Marc Leach

Personal information
- Nickname: Livewire
- Born: 17 March 1994 (age 32) Salford, Greater Manchester, England
- Height: 5 ft 6 in (168 cm)
- Weight: Super-bantamweight, Bantamweight, Featherweight

Boxing career
- Stance: Southpaw

Boxing record
- Total fights: 23
- Wins: 18
- Win by KO: 4
- Losses: 4
- Draws: 1

= Marc Leach =

English boxer (born 1994)

Marc Leach (born 17 March 1994) is an English former professional boxer.
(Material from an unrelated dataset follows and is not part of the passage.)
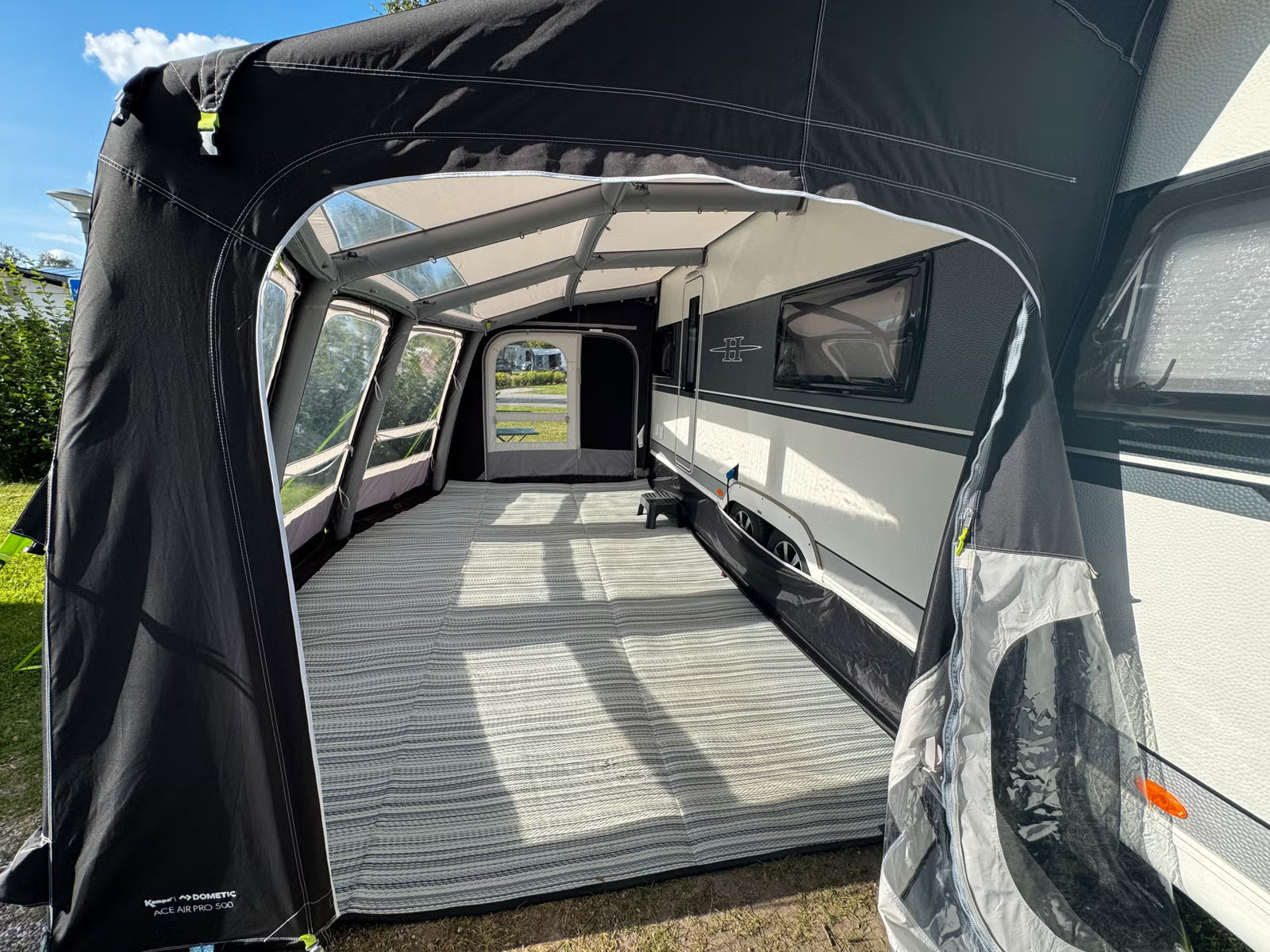 Hobby Prestige 720 UKFe – 7 Couchages - Année 2018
He held the British super-bantamweight title in 2022. Leach was also English bantamweight champion in 2019.

==Career==
Leach made his professional boxing debut at De Vere Whites Hotel in Bolton on 20 September 2014, losing on points over four rounds to Bobby Jenkinson.
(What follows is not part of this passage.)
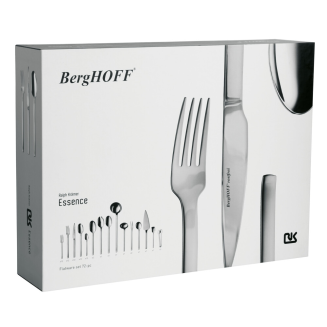 Zestaw sztućców BergHOFF Essence 72 elementy - 4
He then went on a 14 fight undefeated run culminating in claiming his first title with a unanimous decision win over Brett Fidoe for the vacant English bantamweight championship at Victoria Warehouse in Manchester on 4 May 2019.

After this, Leach won three successive bouts which were all billed as eliminators for a shot at the British super-bantamweight title, registering unanimous decision successes over Scott Allan in Glasgow on 19 September 2019, Qais Ashfaq in Peterborough on 17 October 2020 and Thomas Essomba in Sheffield on 5 June 2021.

He finally got his chance at the vacant title against unbeaten Chris Bourke at York Hall in London on 11 March 2022, winning via unanimous decision.

His reign as champion would prove to be a short one as he lost the title in his first defense against Liam Davies at the International Centre in Telford on 11 June 2022. Leach was knocked to the canvas in the first round and, although he recovered to continue the fight and complete the full 12 rounds, he suffered a unanimous decision defeat.

After almost 16 months out of the competitive boxing ring, Leach returned at a new weight division to face Masood Abdulah for the vacant Commonwealth Silver featherweight title at York Hall on 6 October 2023. Having sustained heavy punishment throughout the contest, he retired on his stool at the end of the seventh round.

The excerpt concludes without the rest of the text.